What is the use of a robot if it is always tethered to the computer! Today’s goal is to wirelessly control the robot. Send commands without the need to connecting it to a laptop. I plan on doing this using an IR module receiver. I chose this because it is easy to setup and there was one already available in my kit. Eventually, I will switch to a bluetooth receiver. Checkout my Day 2: Spinning the Wheels! post where I manage to get the bot moving.
Required Components
- IR receiver module (anyone will do as they all have the same pins and functionality)
- IR Remote (usually comes with the receiver)
Setting Up the Circuit
Regardless of which IR module receiver you own, the three essential pins of the IR module receiver—GND, VCC, and SIG (SIG)—are always the same. Make sure to double-check the pinout diagram for your specific IR module receiver before proceeding with the circuit setup.

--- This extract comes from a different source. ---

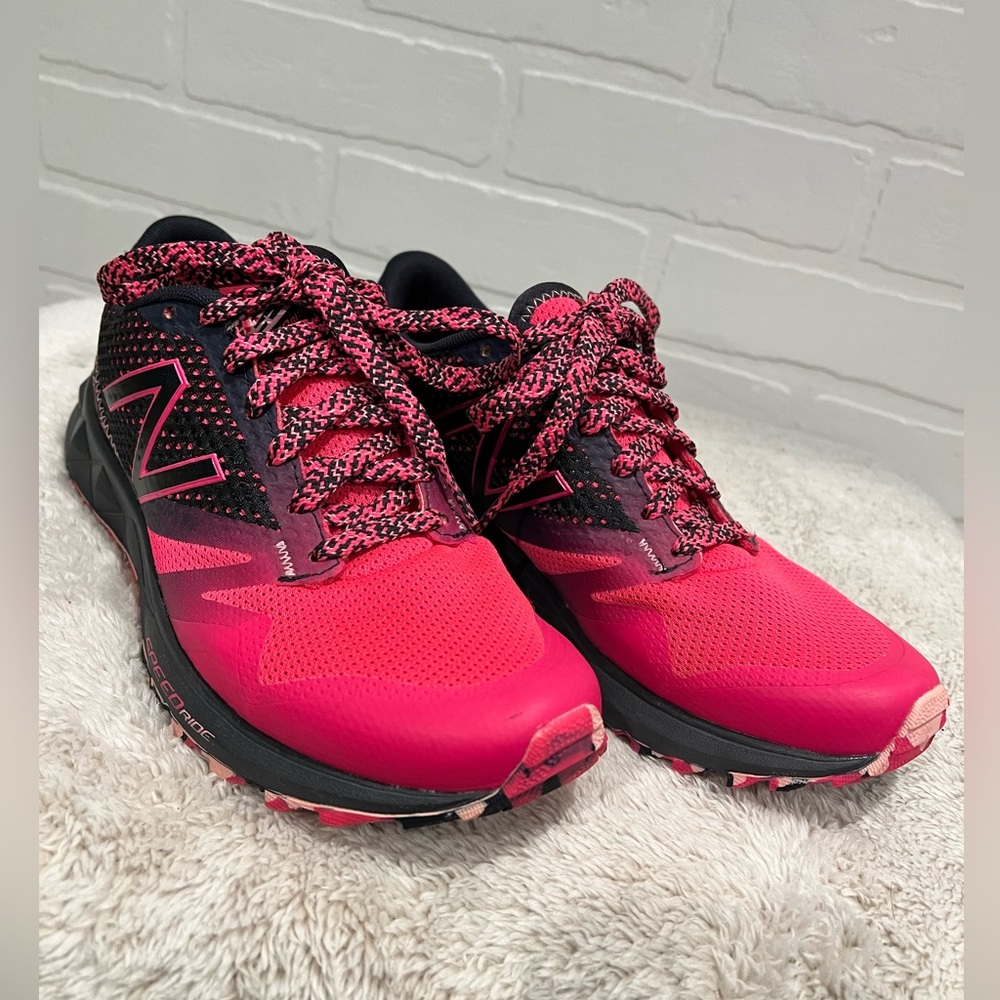 NEW BALANCE 690 Speed-Ride All Terrain Running Sneakers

On most 3-pin IR receiver modules, these pins typically represent
- VCC (Voltage Common Collector) or Power: This pin provides the positive power supply to your module. Your ‘R’ pin is likely this.

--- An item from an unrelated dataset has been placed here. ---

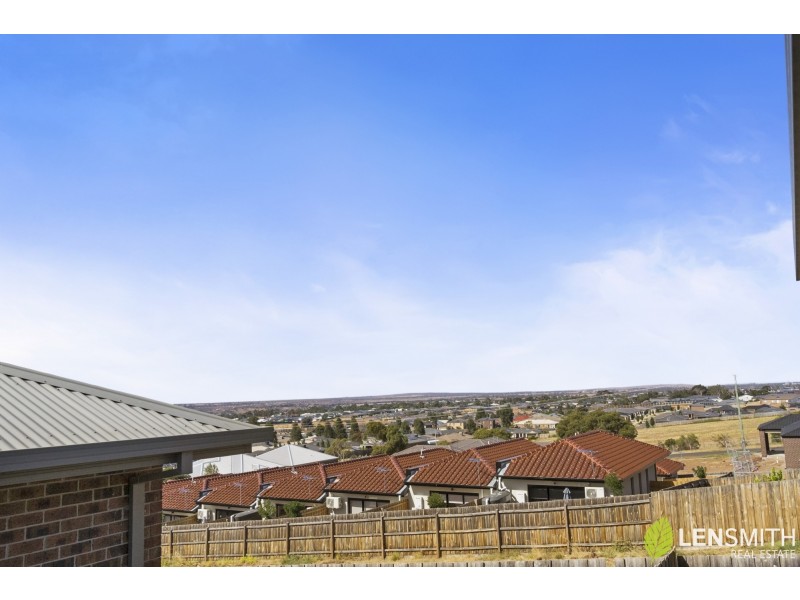 2/10 Fredrick Street, Darley VIC 3340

- GND (Ground): This pin is the common ground for the module’s circuit, connected to the Arduino’s ground. Usually your ‘G’ pin is this.
- OUT (Output) or Signal (SIG): This pin transmits the decoded digital signal from the IR receiver to your Arduino’s digital input pin. Your ‘Y’ pin is likely this.

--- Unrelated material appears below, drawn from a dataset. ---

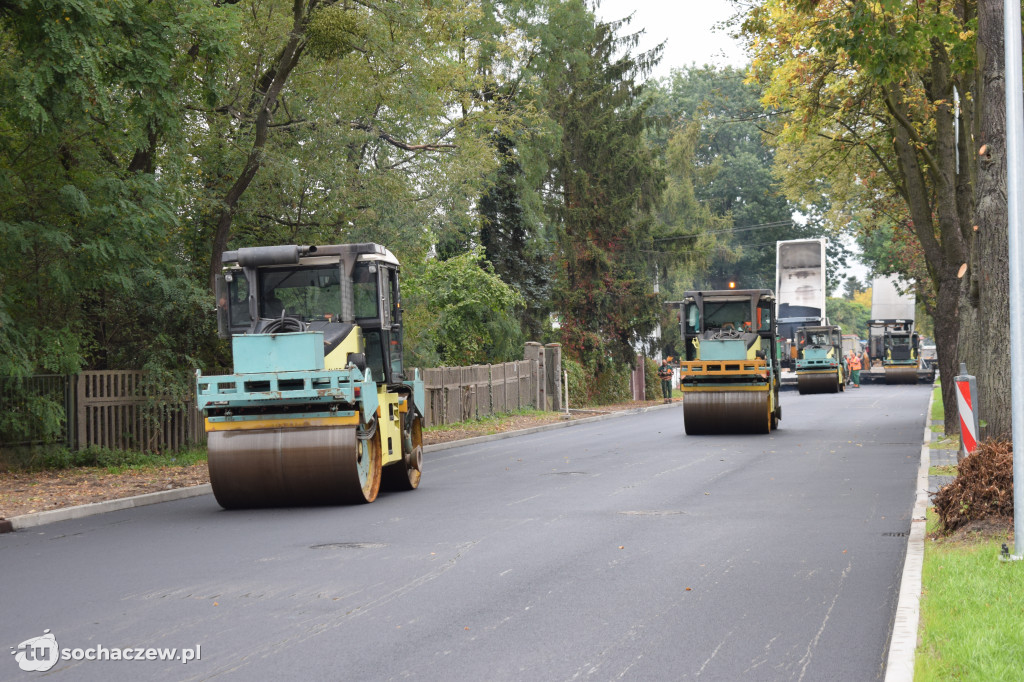 Nowy asfalt na 15 Sierpnia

To set up the actual circuit, we first connect the GND pin from the receiver to that of the Arduino to ensure common ground for its circuit. Then, we connect the VCC pin from the receiver to the 5V pin on the Arduino. This is because the receiver needs a 3-5V power supply to function properly. Finally, we can connect our SIG pin to any of the digital input pins, which we need to configure in our code later on.
IR Receiver Code
The main change in our code will be the way we accept the commands to the bot. In the previous version, we had a parser which converts the text commands to the relevant C++ functions to call. In this version, we change this part to receive the commands from the remote. Different remotes have different layouts and each button send out a unique hex code. My first job is to figure out the codes for each of these buttons on the remote. For this, we have a small helper sketch which will wait for the button press and prints the hex code received to the screen. The code can be found here remote_codes_finder.ino. This code uses an import which has to be downloaded first. You can do this by clicking on the “LIBRARY MANAGER” and searching for “IRremote”. I used the first one by shirriff, z3t0, ArminJo.
Once I have all the hex codes noted for all the buttons I intend to use, I had to update the main code to accept these codes and call the appropriate commands. I still have the serial port initialized in this code for debugging purposes. This can be removed in the final version. Also note the use of “if … else” statement instead of a “switch” statement. The hex code we get from the remote is 64 bits but the default integer value used in a “switch” statement on Arduino platform is 16/32 bits. Hence, the switch statement never gets executed correctly.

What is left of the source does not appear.